Photoelectric smoke alarms operate using a light source, a light beam collimating system and a photoelectric sensor. When smoke enters the optical chamber and crosses the path of the light beam, some light is scattered by the smoke particles, directing it at the sensor and thus activating the alarm. This type of alarm responds best to slow smoldering fires.
Combination ionization and photoelectric smoke alarms feature both types of these technologies in a single unit. Ionization smoke alarms respond faster to high energy fires, whereas photoelectric detectors respond better to low energy smoldering fires. The NFPA recommends using both types of smoke alarms in the home for the best protection.
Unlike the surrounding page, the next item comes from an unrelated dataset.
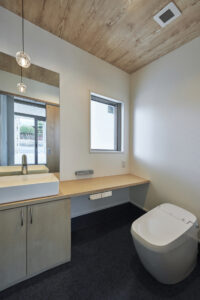 動物病院のトイレ空間。木目天井と造作洗面カウンター、デニム調床材を取り入れた内装デザイン。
Types of Carbon Monoxide Detectors
Carbon monoxide is a colorless, tasteless and odorless compound produced by the incomplete combustion of carbon-containing materials, such as gasoline, propane, natural gas, oil or wood. This also may occur due to a malfunctioning fuel-burning device or other fuel-burning source. Common sources of carbon monoxide include open flames such as fireplaces, furnaces, space heaters, water heaters, blocked chimneys or running a vehicle engine in a closed space such as a garage.
Carbon Monoxide Detectors
A carbon monoxide detector or CO detector is a device that detects the presence of carbon monoxide gas in order to prevent carbon monoxide poisoning. CO detectors are designed to measure CO levels over time and sound an alarm before dangerous levels of CO accumulate in an environment, giving people adequate warning to safely ventilate the area or evacuate.
There are three basic types of CO detectors: metal oxide, biomimetic and electrochemical. Devices are also available as combination smoke and CO detectors.
Metal oxide CO detectors are the original type of CO sensing unit. These work when the heated tin oxide reacts with CO to determine the levels of the toxic gas. When the level of CO reaches a predetermined level that is considered to be unsafe, the alarm will sound.
Biomimetic CO detectors have gel coated discs that darken when the presence of CO is detected. When the color of the discs change beyond a set point, the alarm will sound.
Electrochemical CO detectors operate through a chemical reaction that takes place when the chemical is exposed to CO. This chemical reaction creates an electrical current which sets off the alarm. This type of detection is the most sensitive and accurate of the three types. Most present-day detectors are also this type.
Combination CO and smoke alarms offer protection from both hazards in a single unit. These alarms use electrochemical technology as described above and may use ionization, photoelectric or a combination of both for smoke detection. Depending on the model, these units may be battery powered, hard-wired or plug-in type.
Alarms may vary in how they are powered. Battery powered alarms are very popular due to their low cost, however care must be taken to replace the battery on a regular basis.
Hard-wired alarms use the structure's wiring. The interconnected feature of hard-wired alarms allows all alarms to be linked together. This allows for all alarms to sound when one unit is activated. This is especially important in homes with multiple levels or in apartment structures. All hard-wired units are required to have a battery back-up feature so that the alarms will sound in the event of a power failure.
It should be noted that many jurisdictions require hard-wired alarms in residential installations with a battery backup. This is the law in the State of Iowa in cases of new construction or in remodel settings where access exists for the installation of hard-wired units.